**What needs to be done**. The material below holds pictures, which are to be left out; copy exactly the lines from the one with "Metal Gold 3'lü" through the one with "Vintage Scandinavian wood".

Start of Exercise inputs

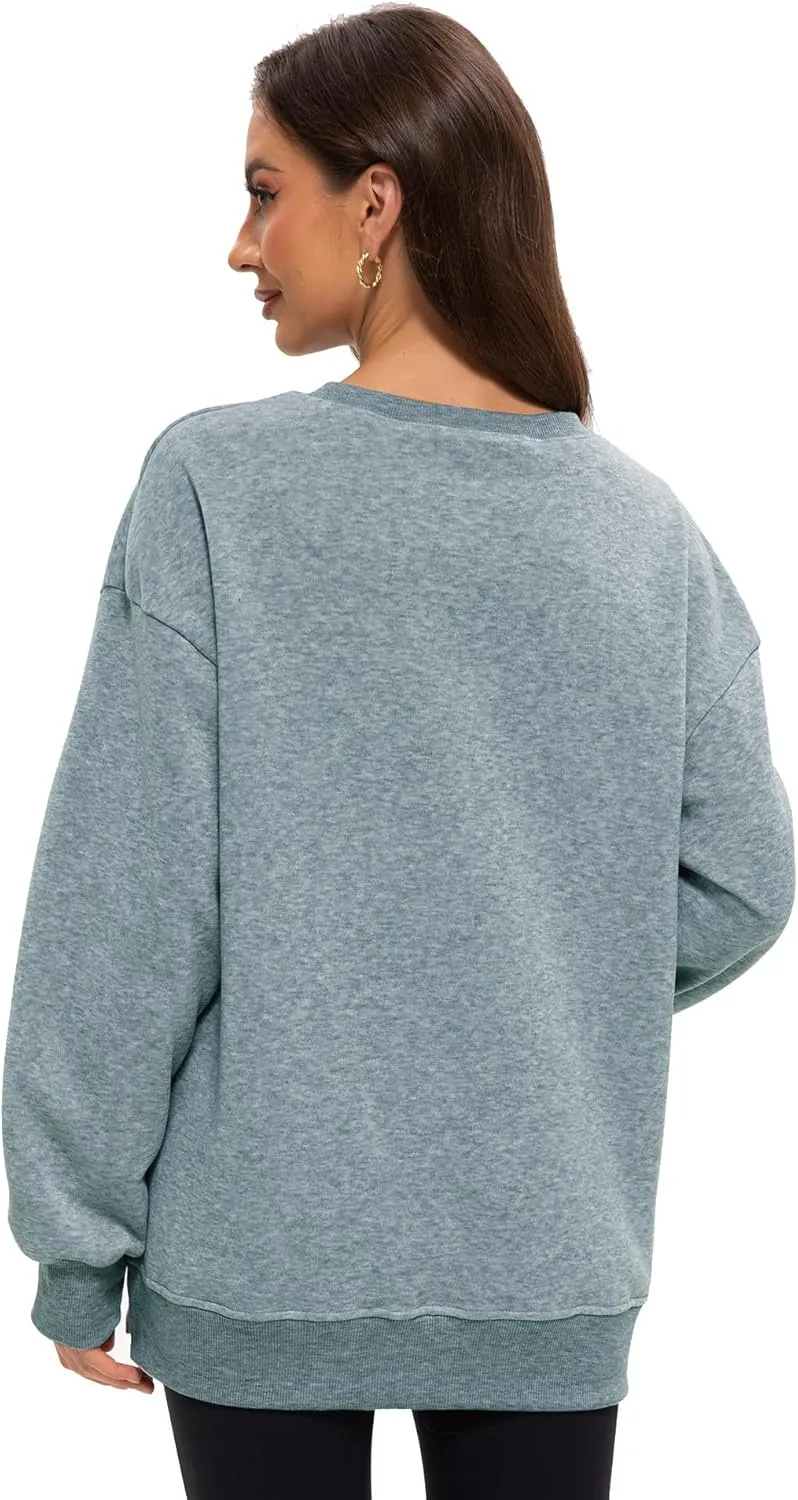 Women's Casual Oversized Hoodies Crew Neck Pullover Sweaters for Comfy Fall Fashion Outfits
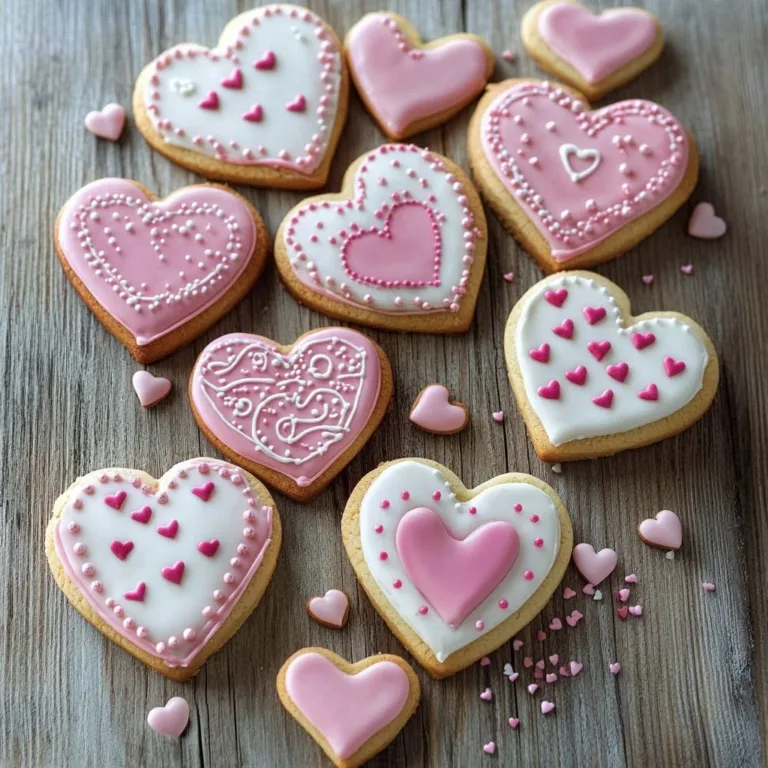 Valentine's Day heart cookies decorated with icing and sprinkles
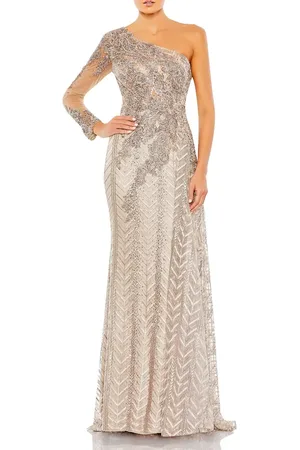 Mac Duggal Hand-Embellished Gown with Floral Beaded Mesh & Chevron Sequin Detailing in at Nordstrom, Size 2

End of Exercise inputs
Start of Exercise inputs

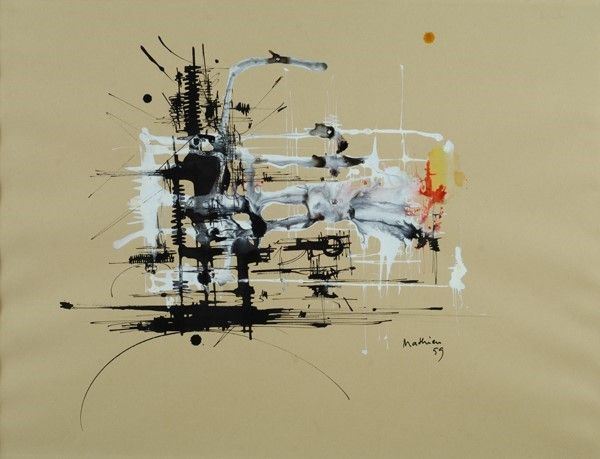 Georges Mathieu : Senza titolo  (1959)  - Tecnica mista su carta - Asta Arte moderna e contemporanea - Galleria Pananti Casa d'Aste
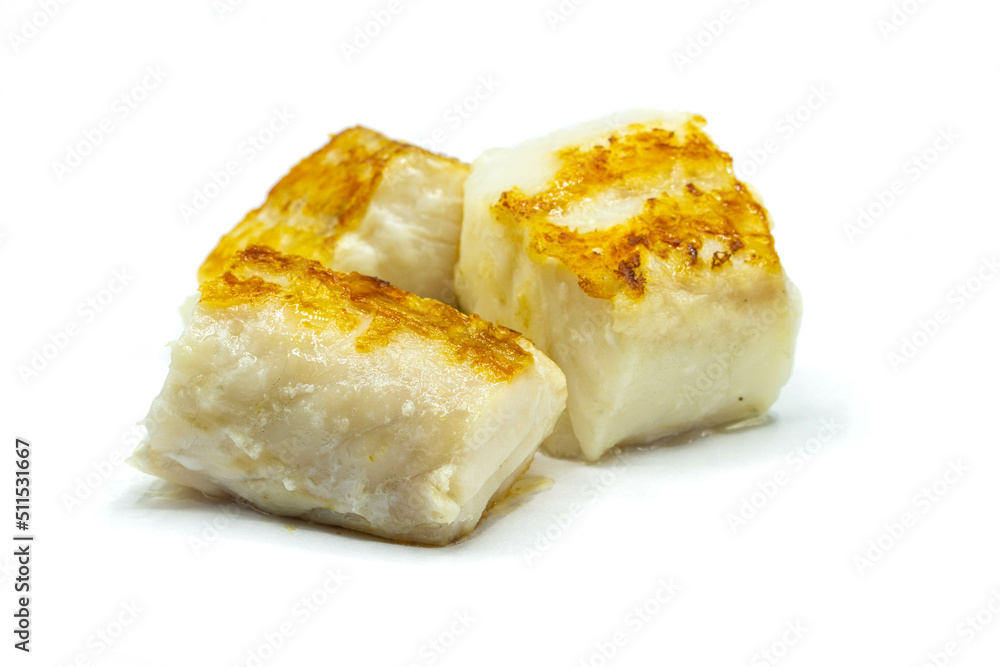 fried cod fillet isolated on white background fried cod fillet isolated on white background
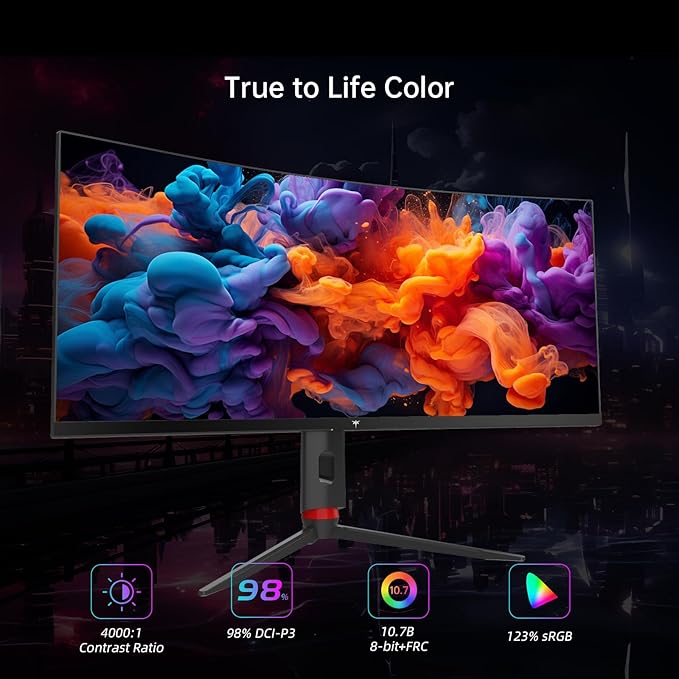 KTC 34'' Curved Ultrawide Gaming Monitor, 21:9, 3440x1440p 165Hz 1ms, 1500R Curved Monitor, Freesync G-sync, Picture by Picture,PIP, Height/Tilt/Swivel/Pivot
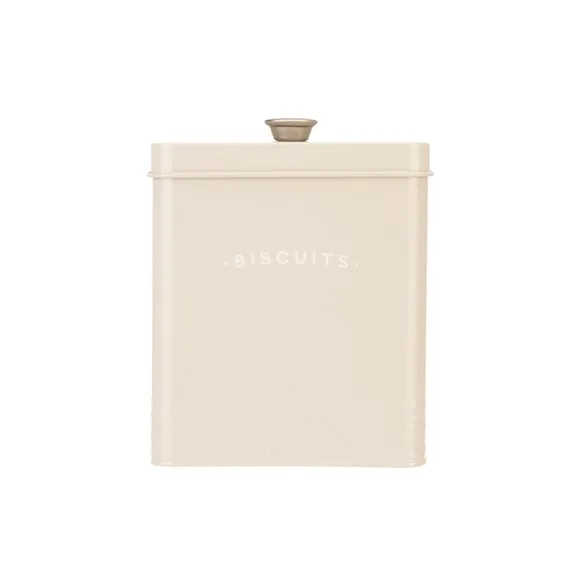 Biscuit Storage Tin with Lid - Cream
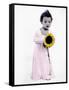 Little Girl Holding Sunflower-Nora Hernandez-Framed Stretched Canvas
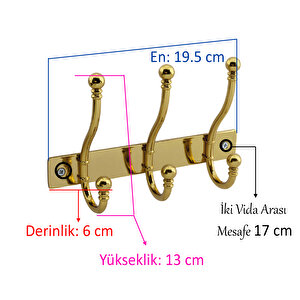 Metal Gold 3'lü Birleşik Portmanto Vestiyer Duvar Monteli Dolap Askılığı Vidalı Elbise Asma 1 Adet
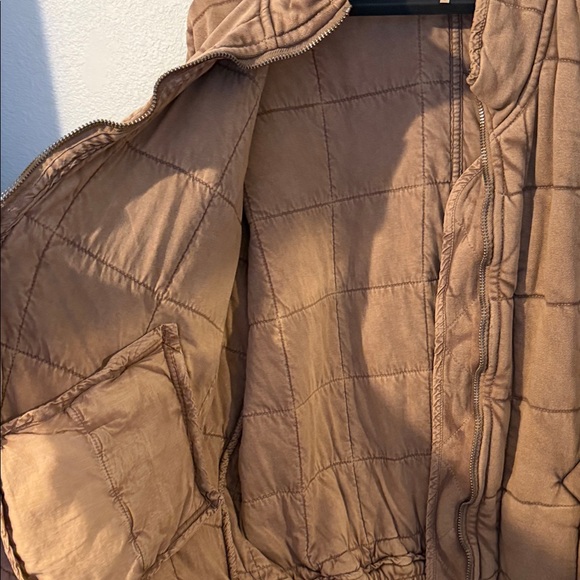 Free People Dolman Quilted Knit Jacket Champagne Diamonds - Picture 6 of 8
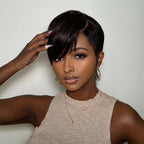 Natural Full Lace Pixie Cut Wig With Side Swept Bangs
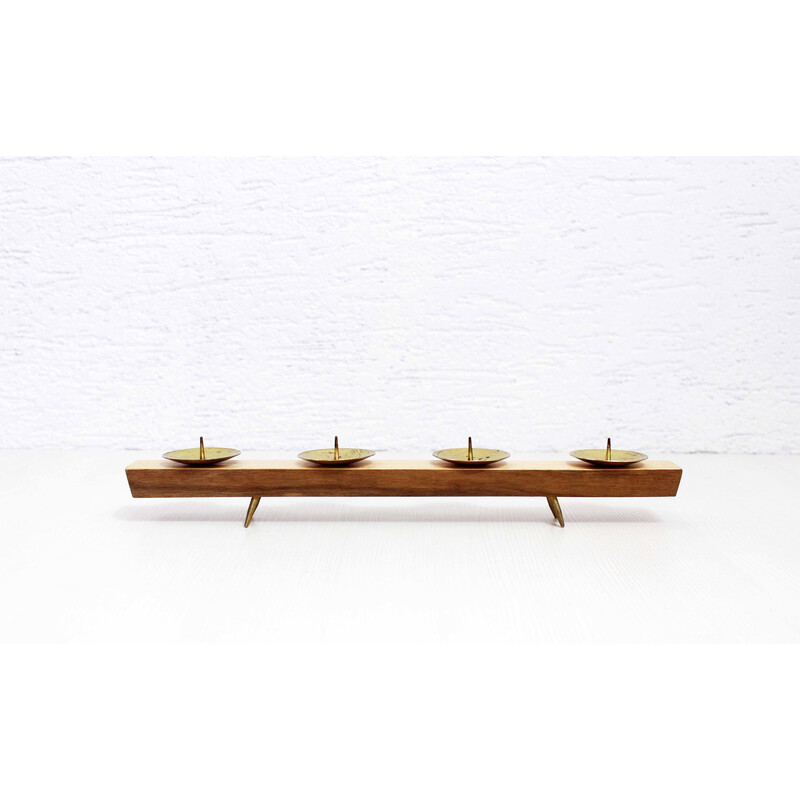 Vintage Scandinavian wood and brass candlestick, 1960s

End of Exercise inputs
Start of Exercise inputs

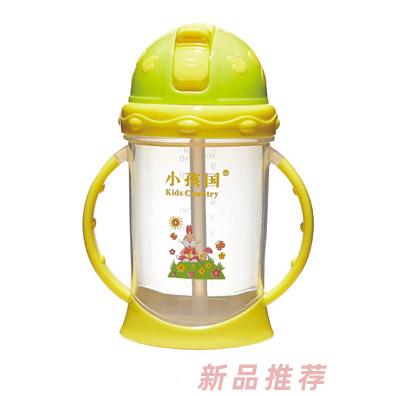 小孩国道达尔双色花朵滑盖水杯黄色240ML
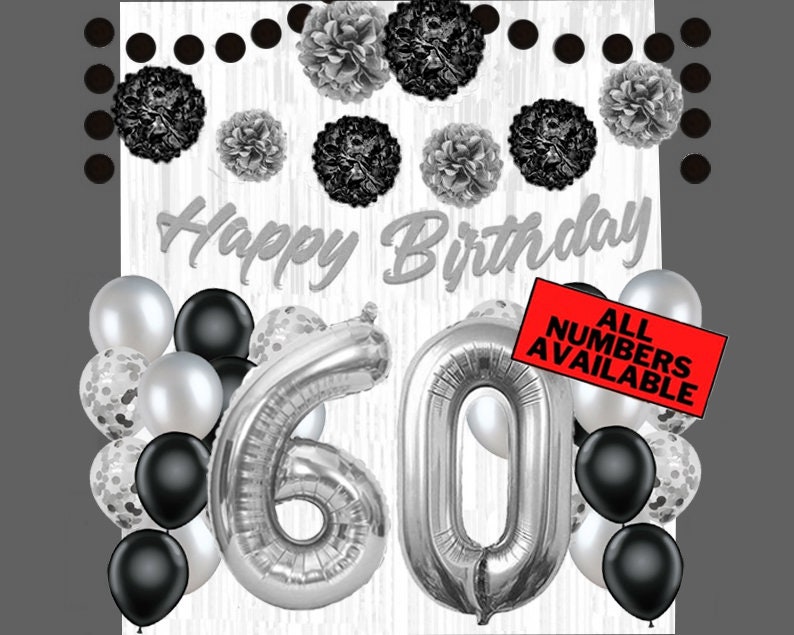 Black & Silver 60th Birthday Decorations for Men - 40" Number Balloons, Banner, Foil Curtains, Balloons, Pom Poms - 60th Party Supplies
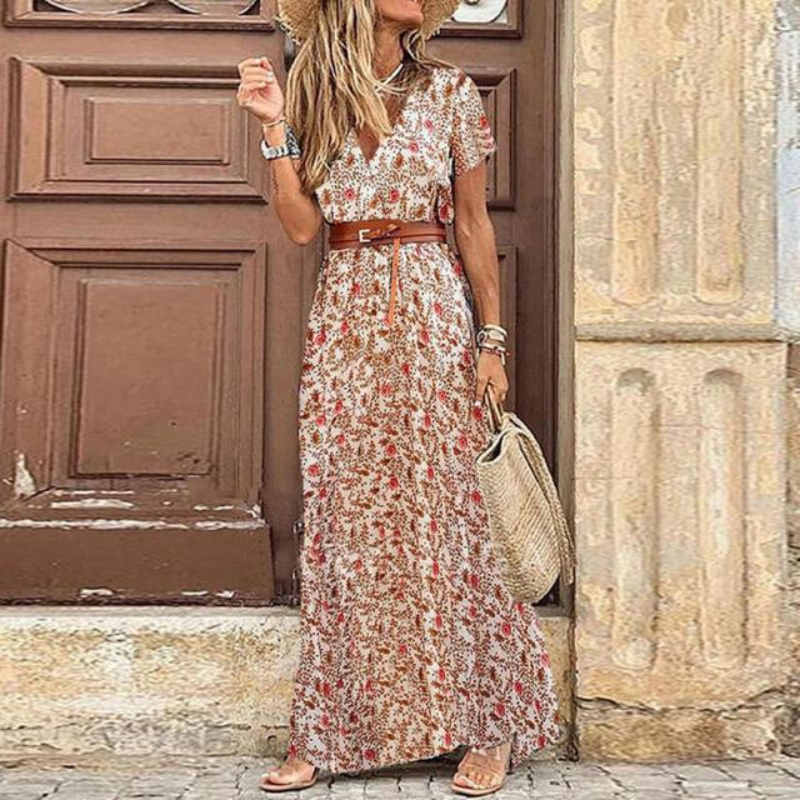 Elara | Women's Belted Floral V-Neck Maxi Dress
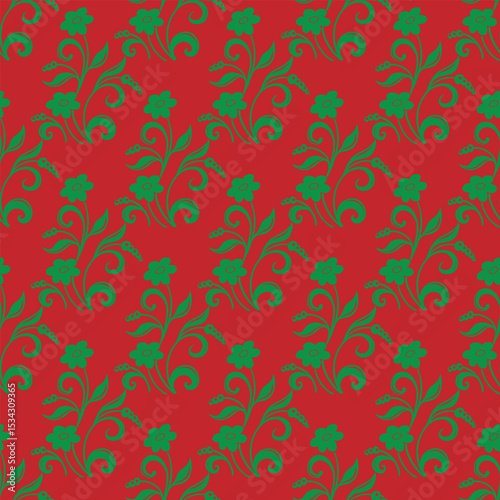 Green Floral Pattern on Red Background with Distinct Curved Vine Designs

End of Exercise inputs

**Solution for this task**.
 Metal Gold 3'lü Birleşik Portmanto Vestiyer Duvar Monteli Dolap Askılığı Vidalı Elbise Asma 1 Adet
 Free People Dolman Quilted Knit Jacket Champagne Diamonds - Picture 6 of 8
 Natural Full Lace Pixie Cut Wig With Side Swept Bangs
 Vintage Scandinavian wood and brass candlestick, 1960s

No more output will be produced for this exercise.